De nuevo sentí correr por mis venas el ardor que en los momentos de exaltación me quemaba; algo como un desconocido impulso de abnegación y coraje, el deseo de ver delante mis ojos el fragor de las ametralladoras y hacer vomitar de la mía la muerte de tantos infelices a quienes habían hecho creer que iban a defender lo justo.
¡Qué cruel es la guerra y qué absurda!... Es el sueño de paz, la ansiedad humana de horizontes sin confines, el milagro de la fraternidad y la concordia que se quiebra y despedaza destilando sangre y dolor, dejando miseria y desolación para la humanidad; es el sueño de grandeza que se convierte en pesadilla por el egoísmo y la ansiedad de dominación y poder, pasiones que aprenden a manejar los ideólogos profesionales los retóricos trastornados; son los surcos de caos y destrucción que riegan el mundo con sangre, siembran odio y rencores, para una cosecha de hambre y pillaje.
Enfrenta hombres contra hambres, pueblos contra pueblos, razas contra razas, idea contra ideas; cada bando tiene una razón que muchos no comprenden, no la saben, ni la han oído siquiera, pero son arrastrados por el torbellino, tragados por la vorágine, lanzados unos contra otros, no a disuadir o convencer, sino decididos a destruir, aniquilar, acabar con quienes no ceden o no piensan corno ellos; a sembrar de cadáveres los campos de batalla, por un principio.., por una causa... ¡Es matar o morir!

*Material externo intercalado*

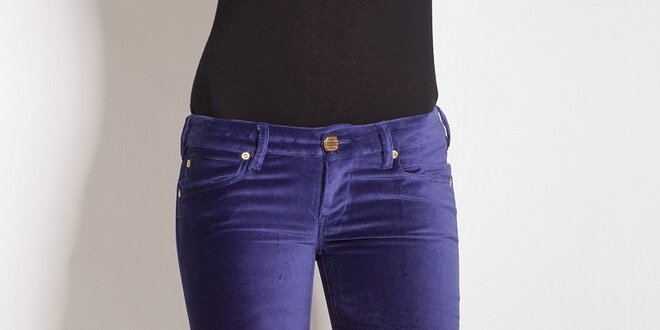 Dámské fialové sametové kalhoty Phard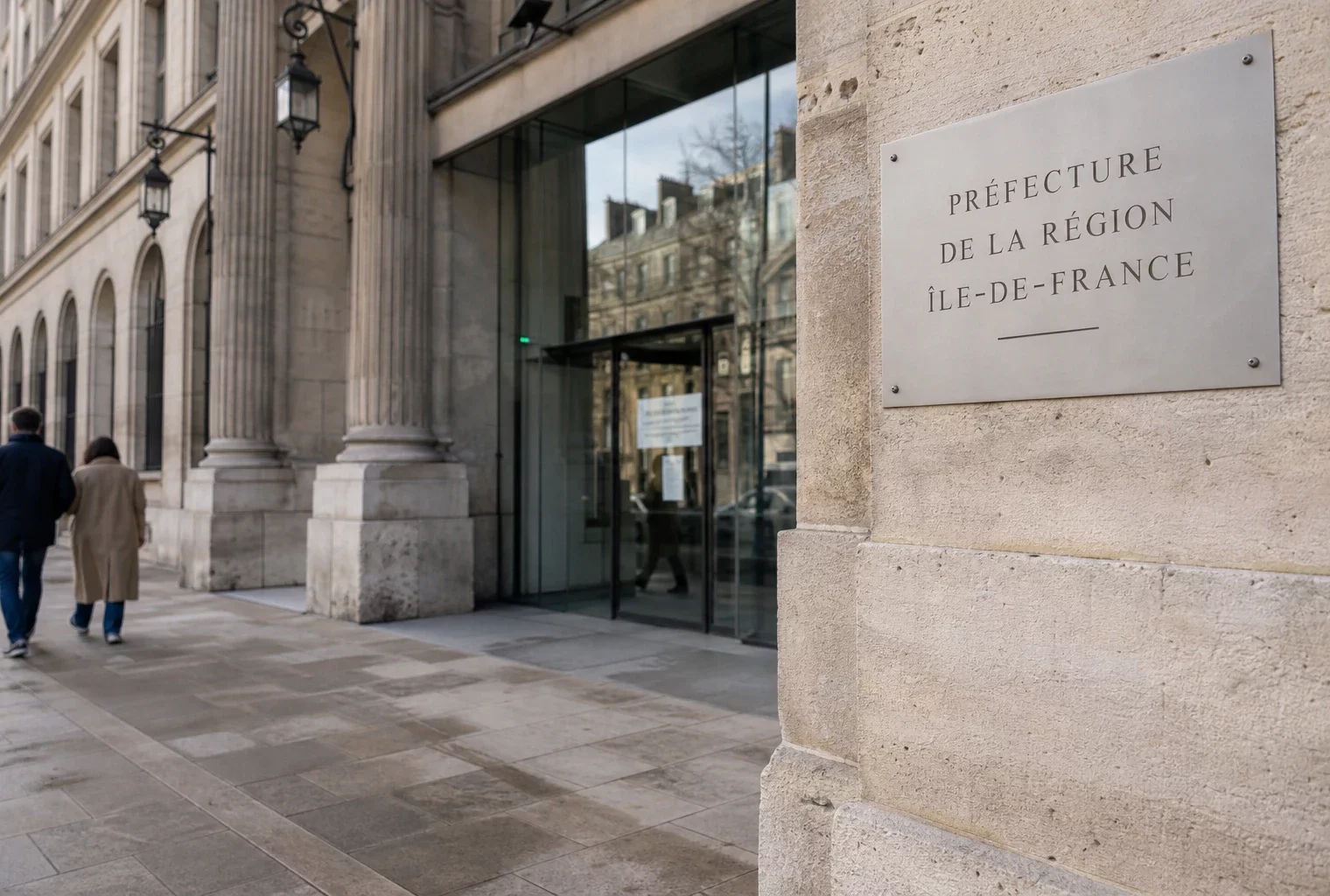 Façade institutionnelle parisienne au calme, vue oblique sur une préfecture en lumière naturelle claire.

En sus hogares ruegan por su salvación… por su regreso, pero no puede el destino complacer todos los ruegos y al final de la contienda, mientras unos celebran el retorno del combatiente que llega arrastrando la psicosis horrorosa de los gritos de angustia, los lamentos, las convulsiones, las muecas agonizantes; que vuelve cubierto de heridas, pero vivo al fin, otros lloran lágrimas de fuego y tragan amargura por los que no vuelven, por los que destrozados quedaron en los embudos del campo de batalla, blanqueando sus huesos, como macabro símbolo de horror y muerte, donde entre el fragor del combate y el estruendo de las máquinas cayeron para no levantarse, quizá lanzando con su último aliento una maldición a la humanidad; dejando a la posteridad una terrible interrogante, un punzante anatema a la civilización.
Pero mis divagaciones se perdían… al fin y al cabo la guerra es la guerra y si habría sido guerra la nuestra, cayera quien cayera no habría sido, como no fue, motivo de lamentaciones; los que se sacrificaron pusieron un blasón más a nuestra estirpe loretana, fueron un orgullo para los padres, las esposas se sintieron partícipes de su gloria, los hermanos dijeron: ¡Mi hermano fue uno de ellos!... ¡Sin lágrimas ni recriminaciones!... Para que los que cayeron sigan creciendo en el recuerdo, sean más grandes que la inmensidad del suelo por el que fueron a luchar.


MOTELO*.- Tortuga de tierra.
CHARAPA*.- Tortuga de agua dulce, de río.